> INSTRUCTIONS FOR THE TASK
Reproduce the data below in full and exclude every picture.

> INFORMATION SHOWN
----

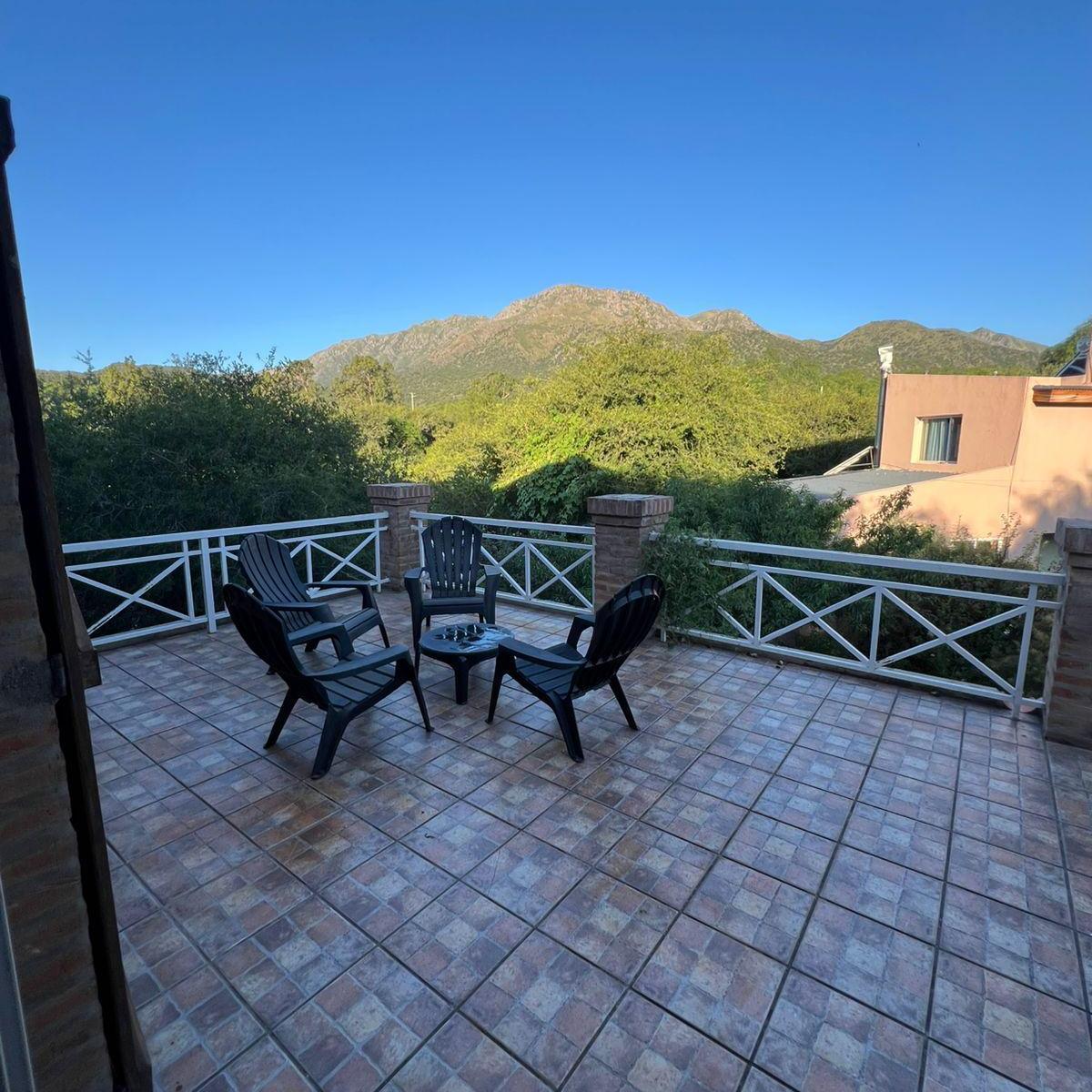 Hermosa Casa en Capilla del Monte con Vistas Al Uritorco 3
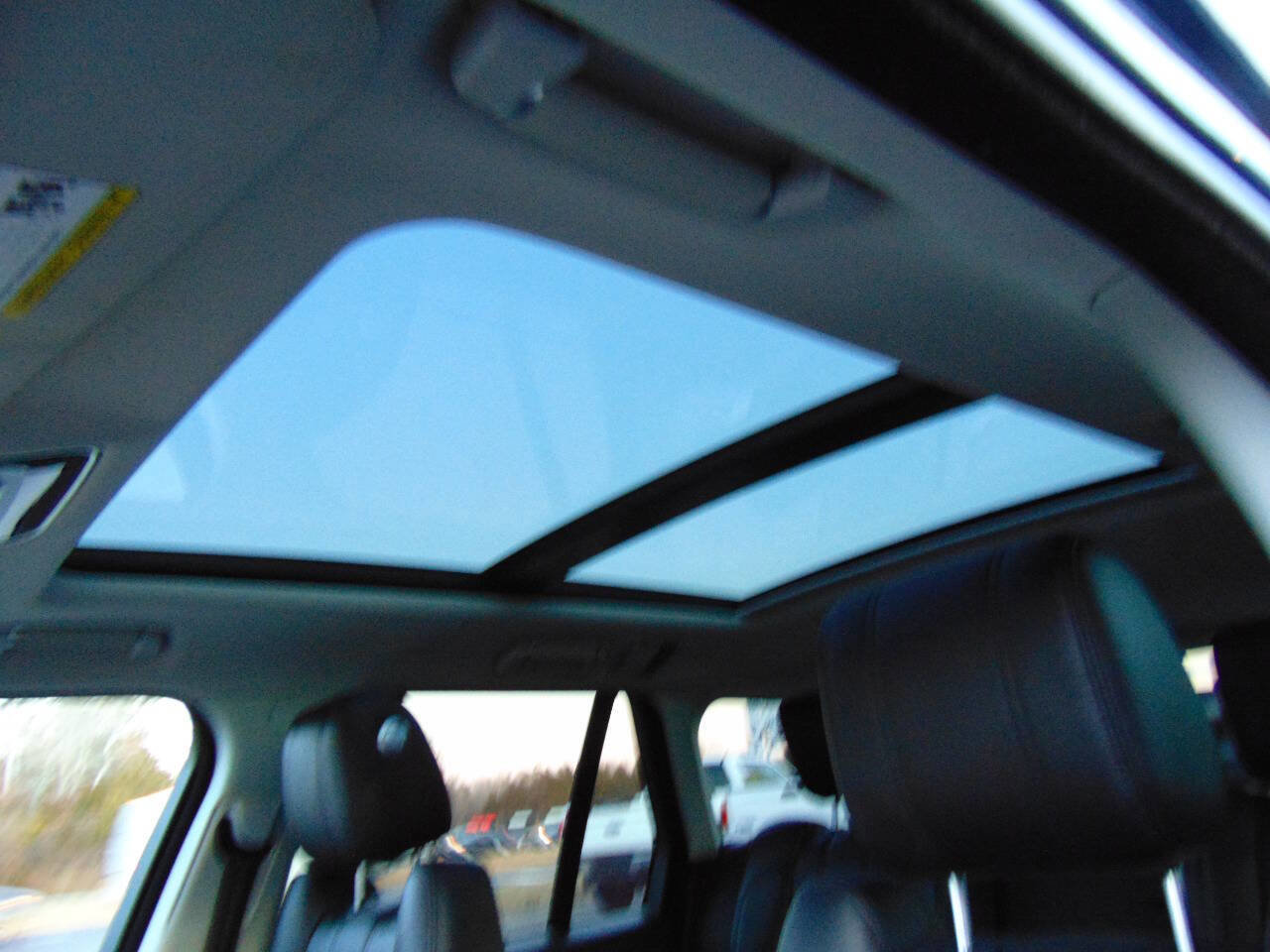 Used 2017 Land Rover Range Rover HSE image 24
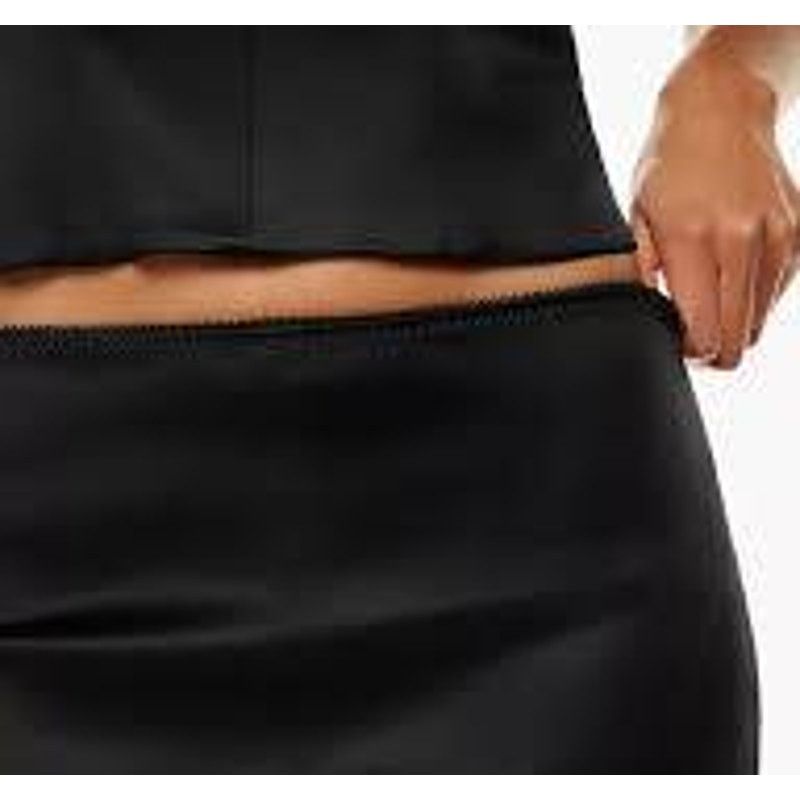 Aritzia NWT Wilfred Aritzia Desertland Black Satin Mini Skirt Size 2 Size 26" / US 2 / IT 38 - 2 Thumbnail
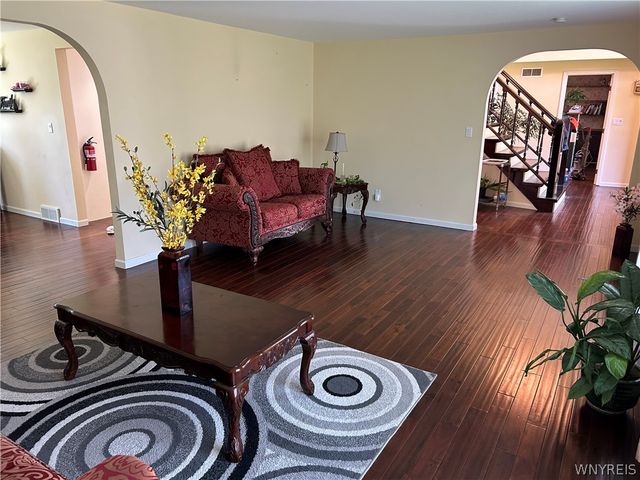 23 Fennec Lane, Amherst, NY 14051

----

> RESULT OF THIS TASK
 Hermosa Casa en Capilla del Monte con Vistas Al Uritorco 3
 Used 2017 Land Rover Range Rover HSE image 24
 Aritzia NWT Wilfred Aritzia Desertland Black Satin Mini Skirt Size 2 Size 26" / US 2 / IT 38 - 2 Thumbnail
 23 Fennec Lane, Amherst, NY 14051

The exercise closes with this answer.